First of all, I’d say – just start getting involved. As the pandemic became a larger issue for the world, so many events went online and everyone started engaging virtually. As a result, that really helped closing the gap between the communities that were really separated by the ocean and different continents. So there’s so many online events that you can go to, to hear from different people, to learn from them.

Then, as different events hold panels, you’ll see who’s in the space. Who’s doing what, what areas are they doing it in. Whether you just attend those events and ask questions and try to connect with those people, everyone is so friendly and super willing to help. Especially if you sound interested and invested and you’ve done your research, and you can tell that you’re very passionate about this space, they’ll be willing to meet with you and answer your questions.

Can you tell us more about your work nowadays, as a financial bot specialist?

So I’m still working with clients in the financial space. There, I’m working to try and build experiences that help to ease the burden of having that anxiety or stress around money or anything that’s related to the finance.

During an ongoing project I’m really excited about, we’re going to expand the access of the assistant across different channels. Also, I’m doing a lot of user testing to see how people react to things, what’s going to stick, what’s not. Since I love exploring and seeing what my assumptions, how they perform, on the market in real life, and whether or not I was right or wrong or learning different perspective – that iterative process is fun for me.

Give us one forecast for the future of conversational AI and chatbots, maybe in finances, or in other fields.

Although voice is really hot right now, I don’t think that the text interface or the chat interface is totally dead. As more multimodal conversation design experiences become available, there’s going to be like a multiple kind of experience. There you’re talking, you’re seeing, you’re viewing, you’re chatting – everything moves together, and it’s seamless.

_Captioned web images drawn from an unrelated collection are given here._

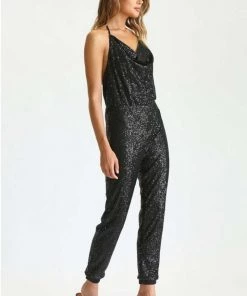Fate New Arrivals Cowl Neck Sequin Jumpsuit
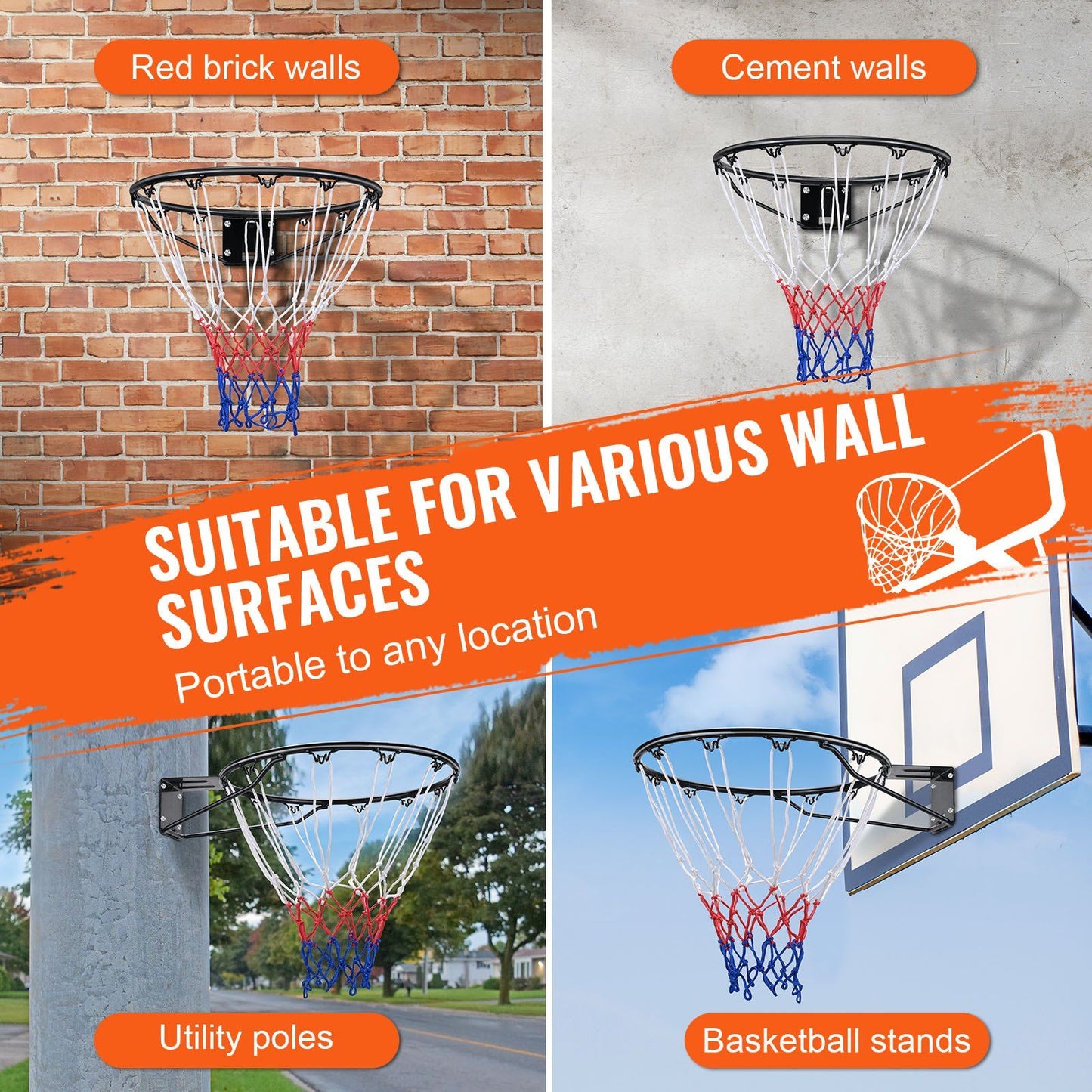 Basketball Rim, Wall Door Mounted Basketball Hoop, Heavy Duty Q235 Basketball Flex Rim Goal Replacement with Net and Double Spring, Standard 18" Indoor Outdoor Hanging Hoop for Kids Adults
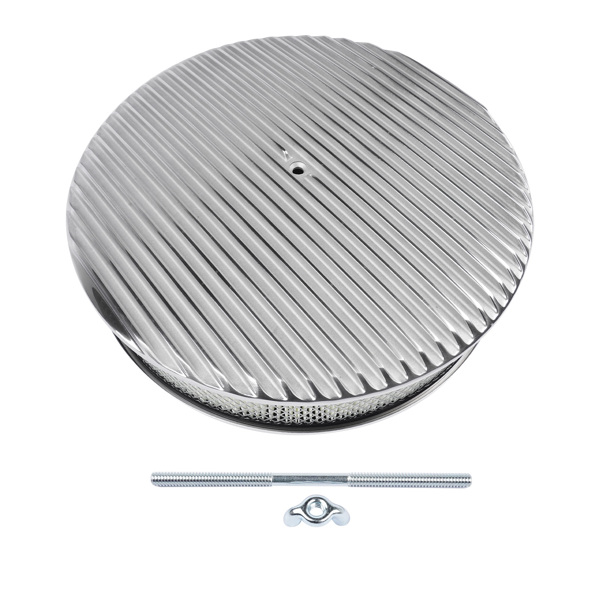 14" x 3" 14 Full Finned Aluminum Round Air Cleaner Air Filter Kit Polished with a Recessed Base and Paper Element Fits Single Quad Carburetors with 5-1/8" Neck 5" Steel Mounting Stud-2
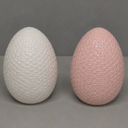 Pack Of 2 Boston International Egg Sculpture Tabletop Decor, 5.75", Pink And White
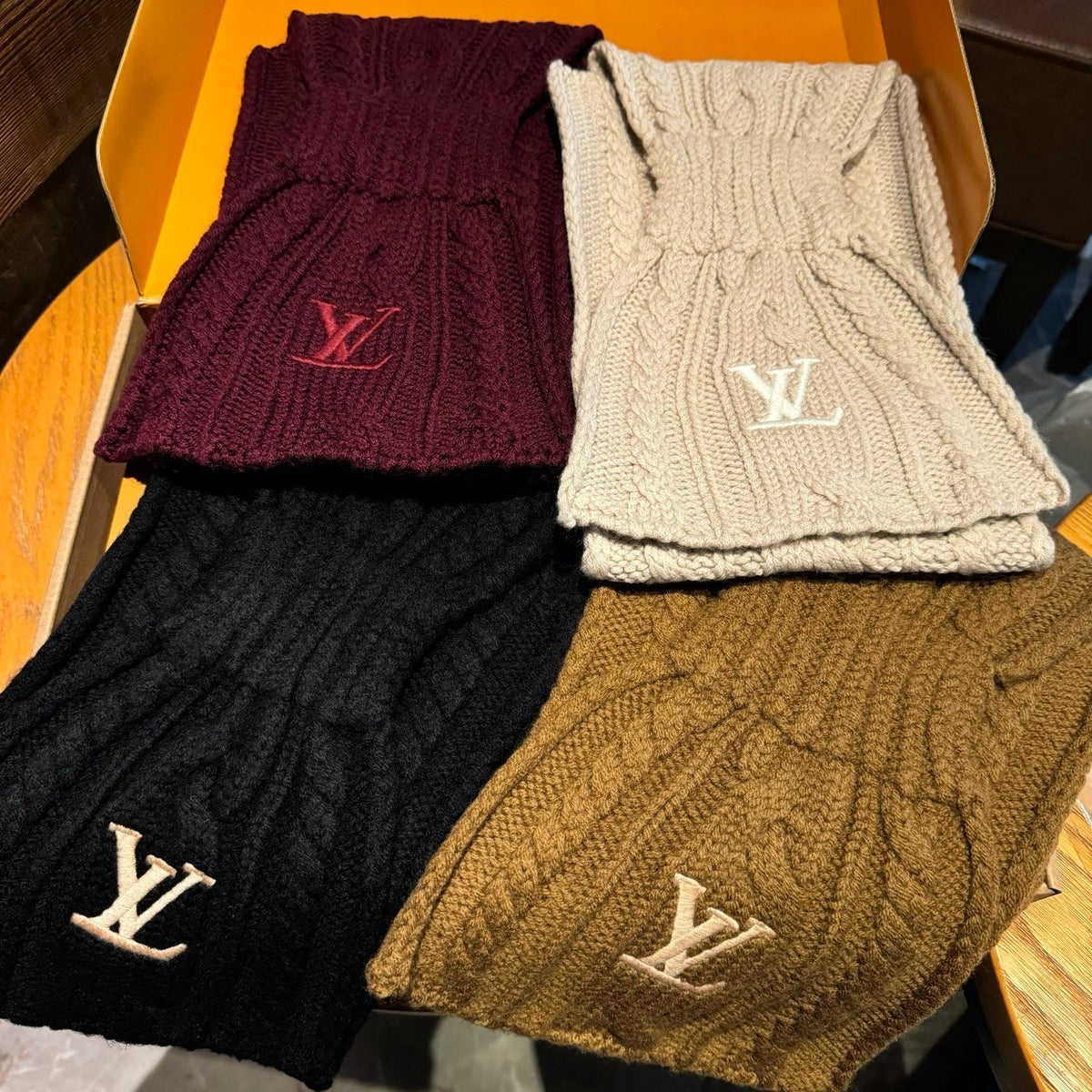 LV Freeze  Scarf 135cm Brown Wool 969354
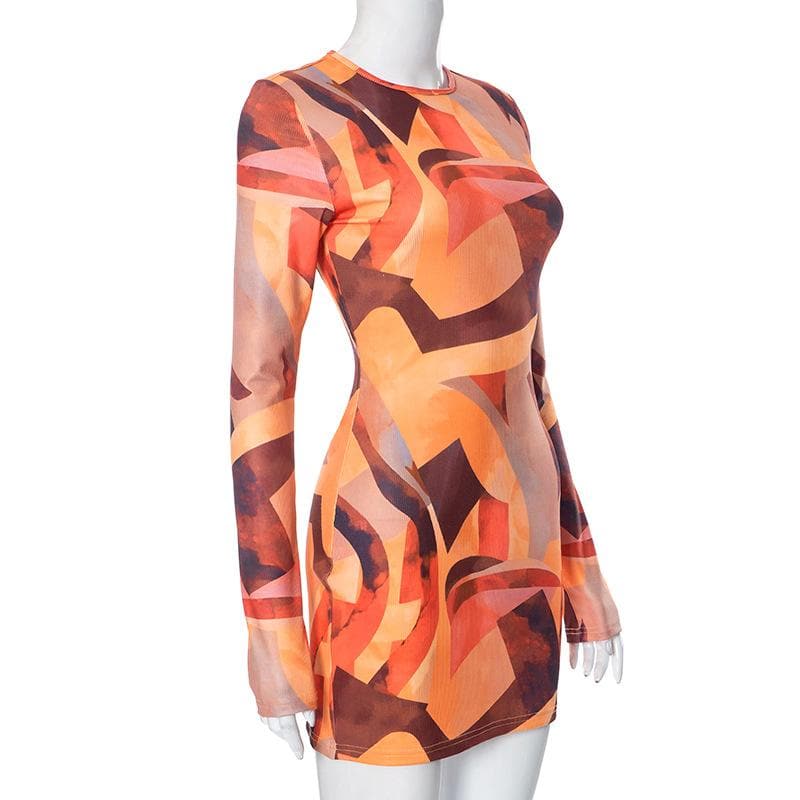 Abstract Geometric Print Long Sleeve Crew Neck Bodycon Mini Dress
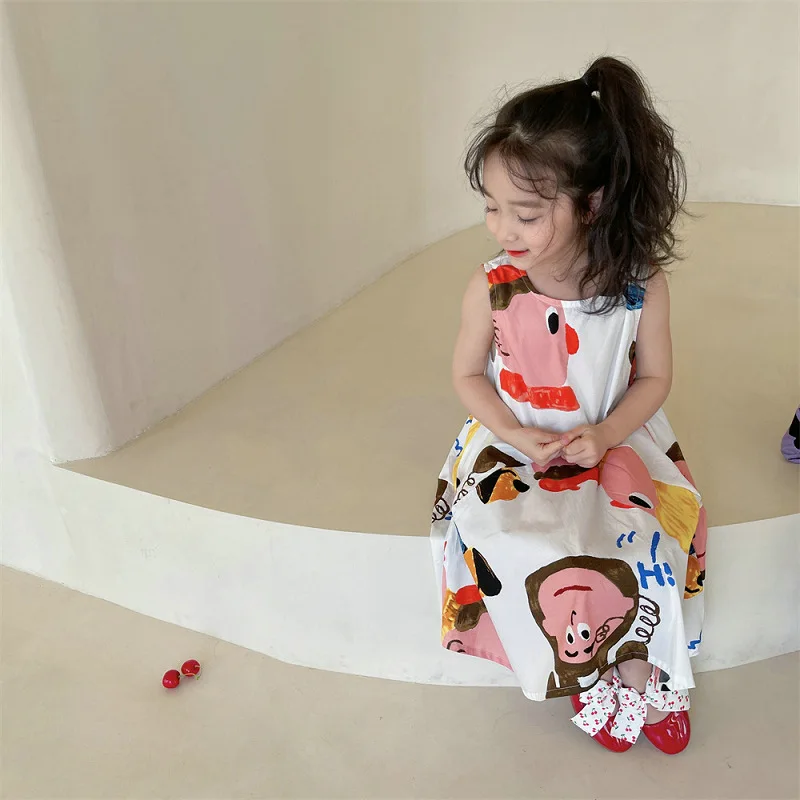 Летнее платье с мультяшным принтом для маленьких девочек, детское хлопковое дышащее платье на подтяжках, одежда для сестер Изображение 3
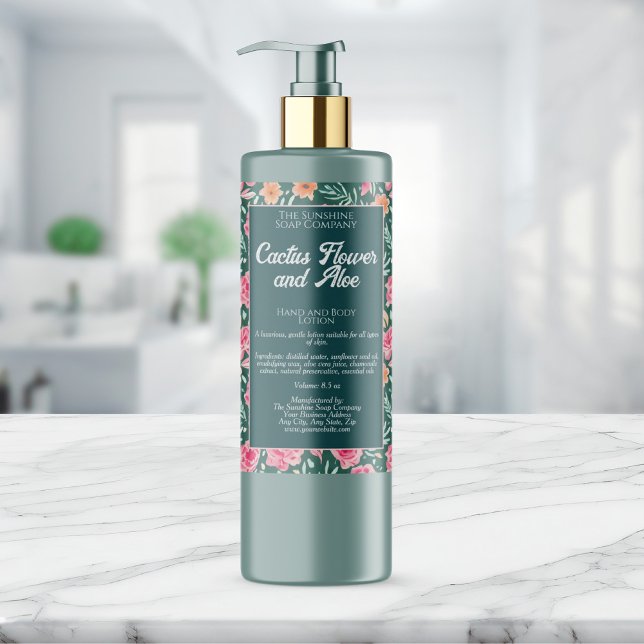 Pour Bocaux Étiquette d'emballage floral imperméable (Créateur téléchargé)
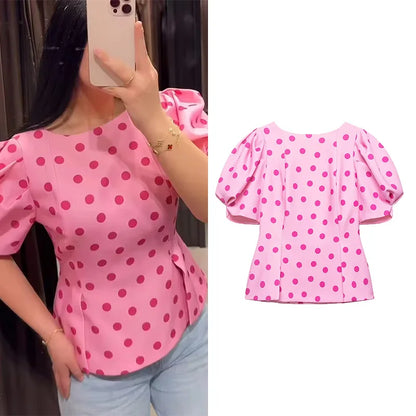 Women's Polka Dot Shirt with Ruff Sleeve New 2026 Spring Casual Button Sleeveless Women Tops Simple Lady Shirts & Blouses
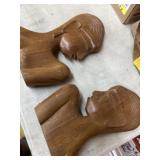 A man and woman African art style wooden carved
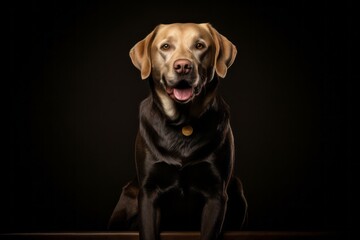 Lifestyle portrait photography of a happy labrador retriever sitting against a white background....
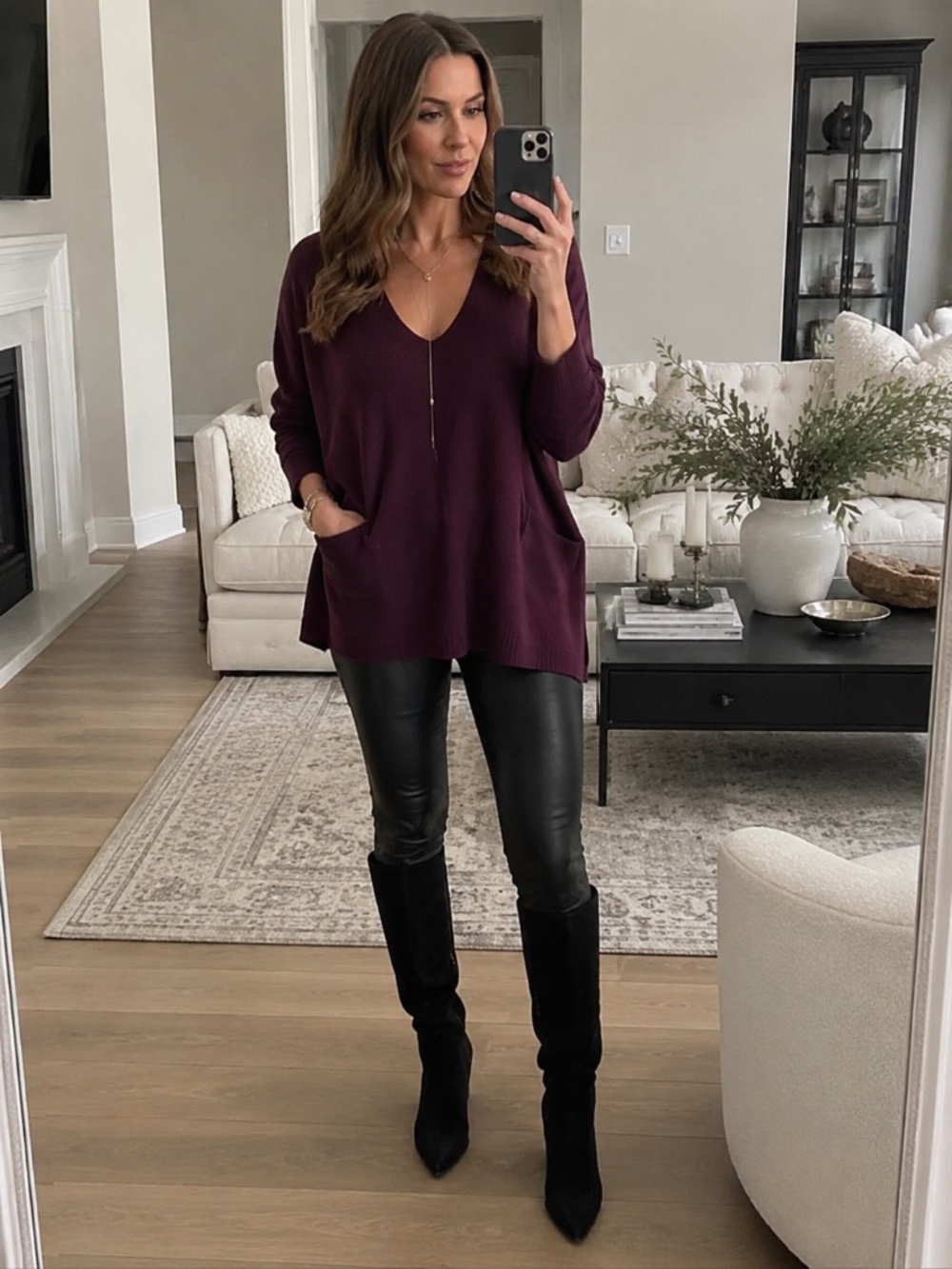 Aritzia Babaton Plum Wool Linen Blend Oversized V-Neck Poncho Sweater XXS/XS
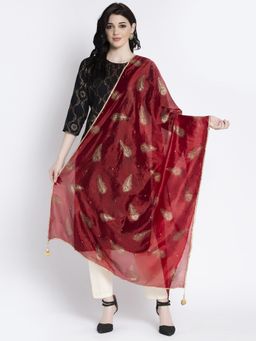 Clora Creation - Red Printed Silk Blend Dupatta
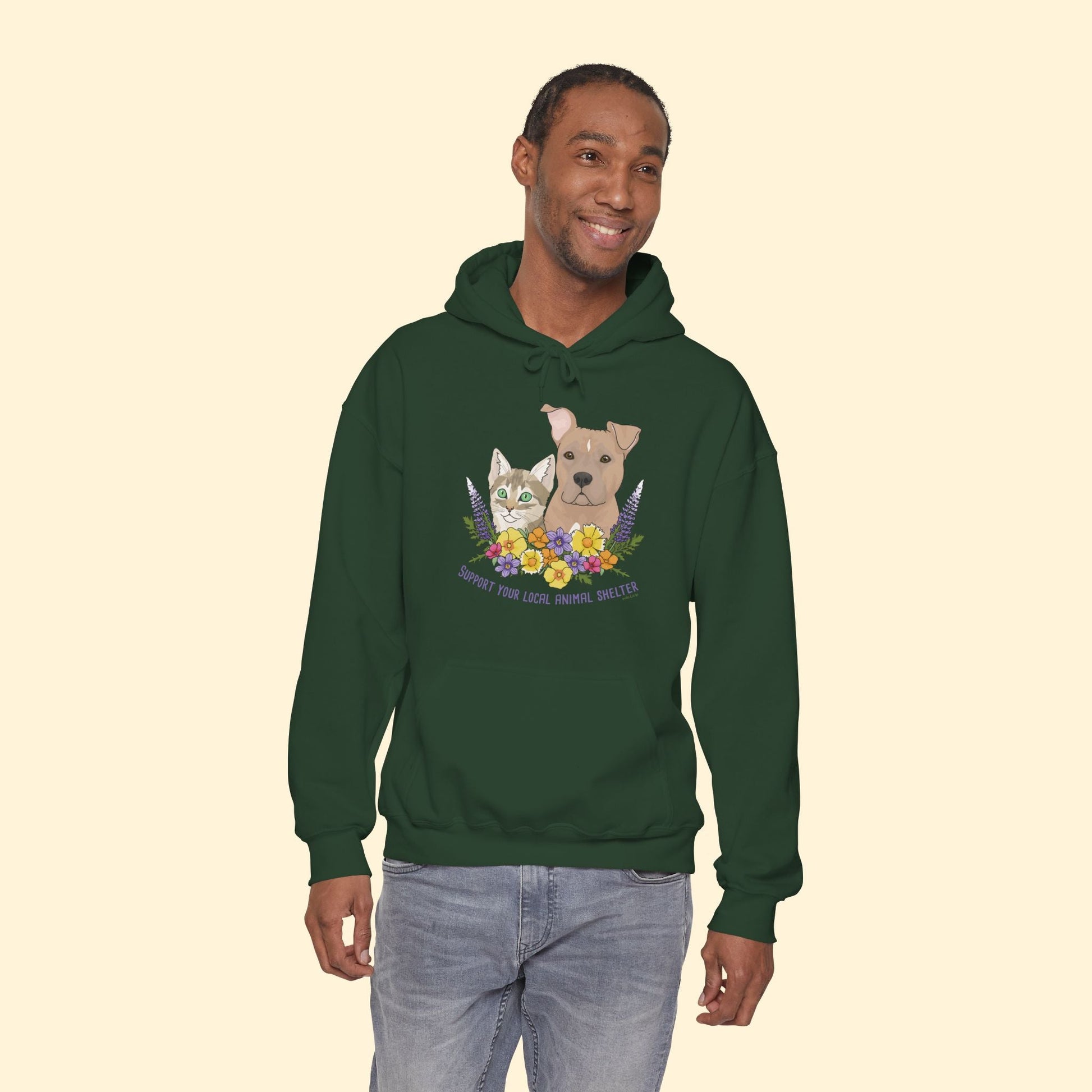 Support Your Local Animal Shelter | Hooded Sweatshirt - Detezi Designs - 32075220365795205702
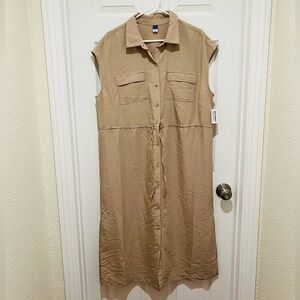 Old Navy Tan Midi Shirt Dress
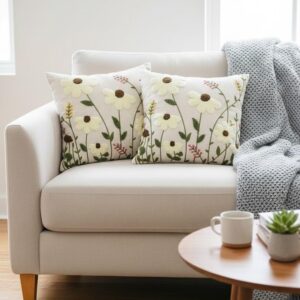 CASA-NEST Linen Embroidery Cushion Cover, Size -16x16 inch, Pack of 2 pc, Decorative Sofa Cushion (Cream, 2)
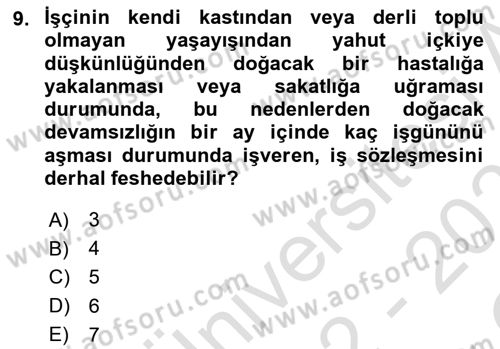 Çalışma İlişkileri Dersi 2022 - 2023 Yılı Yaz Okulu Sınav Soruları 9. Soru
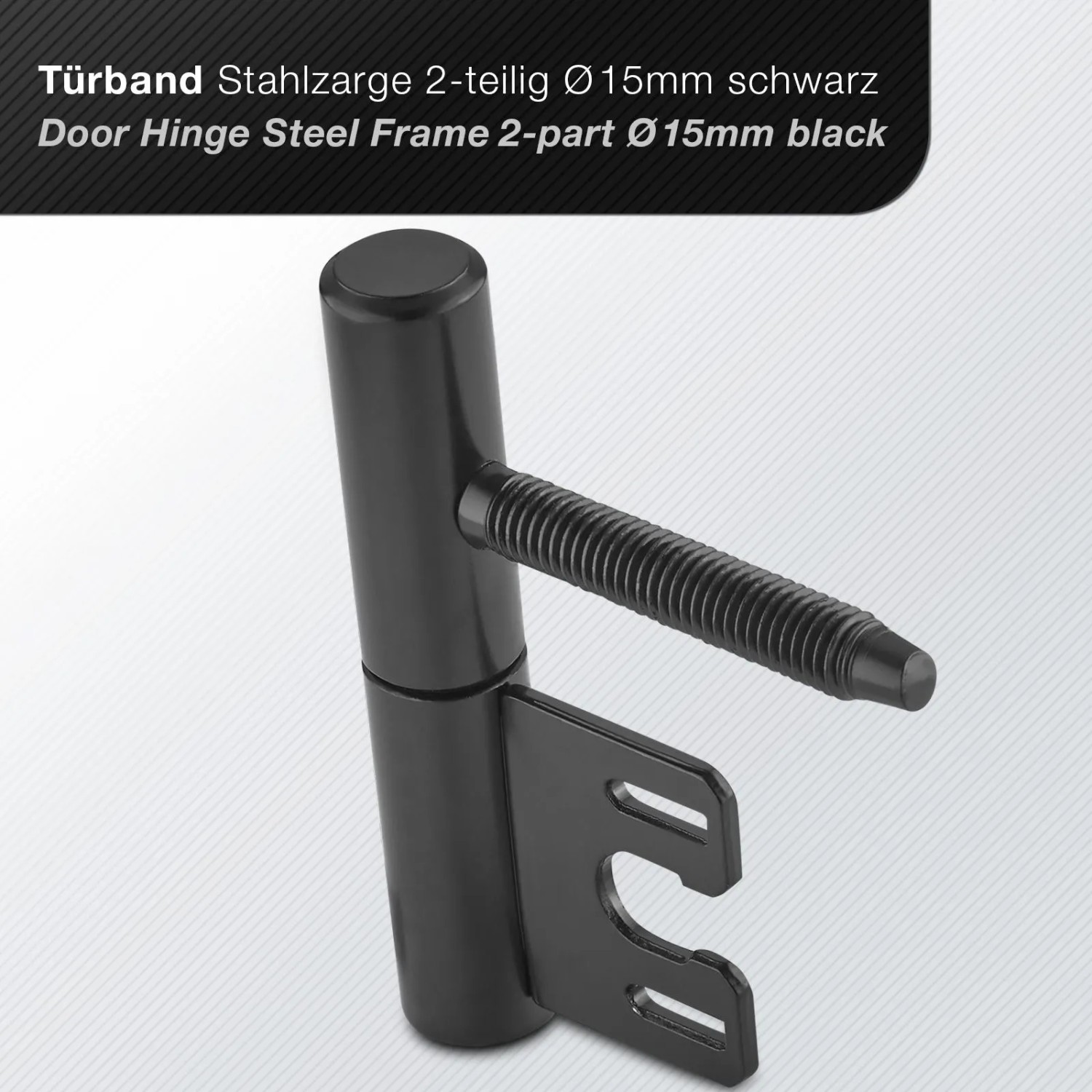 SOTECH 1 Paar Türbänder 2-Teilig Ø15 mm Stahl Schwarz Pulverbeschichtet für Stahlzargen_5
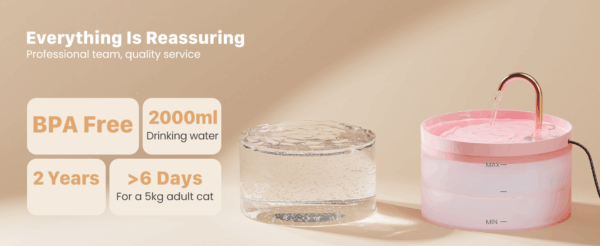 Fuente de agua para mascotas 2L con grifo. Bebedero con chorro de agua, ideal para perros y gatos que prefieren beber directamente del grifo.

As soon as we get to a point where we really land that automation piece, it’s going to fly super-fast. Right now, in this space, the technology that exists is trying to get there where everything is seamless. But the rest of the technology outside of conversation design isn’t caught up to what the demands are.

Even though we want to automate everything, we can’t. We don’t have access to the APIs or the pulling information or connecting things together in the background, to be able to do things seamlessly. Once we kind of get to that point, it’s going to be incredible and kind of seamless. Everyday, in everyone’s lives, you’re just going to be used to using everything, which will be really cool.